Turns out libpng, which darktable uses to export to PNG format, uses libz for compression. And the compression level was hard-coded to maximum in
This caused two different issues. The first one was that
Z_BEST_COMPRESSION is equivalent to compression level 9. Compression levels above level 5 usually don’t result in a much smaller output file with libz, but heavily increase the number of cycles spent on compression. When I work with huge pictures (e.g. stitched panoramas larger than 50 megapixels), I often even disable the PNG/TIFF compression because I don’t really care about the storage space and an SSD can read/write the data fast enough, but I do care about the compression overhead. A compression level between 3 and 5 should be okay for most uses, IMO, but would be much faster than level 9.
The other issue was the single-threaded nature of libz. It simply doesn’t use more than one CPU (core), the programmer has to set that up manually and it’s not trivial. So not many do it, and this became a nice display of Amdahl’s Law: As you parallelize everything that can be parallelized, the one thing that isn’t starts to weigh in more and more. The faster your machine is, the more this becomes noticeable. Here are some simplified graphs:
You can speed the image processing step all you want, but you can’t get the total time below the time spent on compressing the data at a senselessly high compression level on a single core.

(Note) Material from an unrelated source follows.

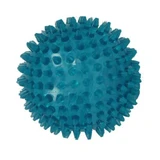 Pallina a forma di riccio, 10 cm, blu e trasparente, 1 pezzo, così com’è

The perfect solution would have been to parallelize compression as well, so people who really want/need the highest compression level get something out of this as well. But that would have been hard, since darktable doesn’t call into libz itself, but only through libpng, and libpng too is not multithreaded. So I decided to simply add a “Compression” slider to darktable’s PNG output module, making the compression level configurable, and set the default to 5.
This lowers the average time for converting an image on my Ryzen+GPU system from twelve seconds to less than two, which is the difference between “I’ll go make some coffee until this is over” and “I don’t really notice the export step anymore”. Tobias Ellinghaus was nice enough to clean up my patch and merge it into darktable master within a day.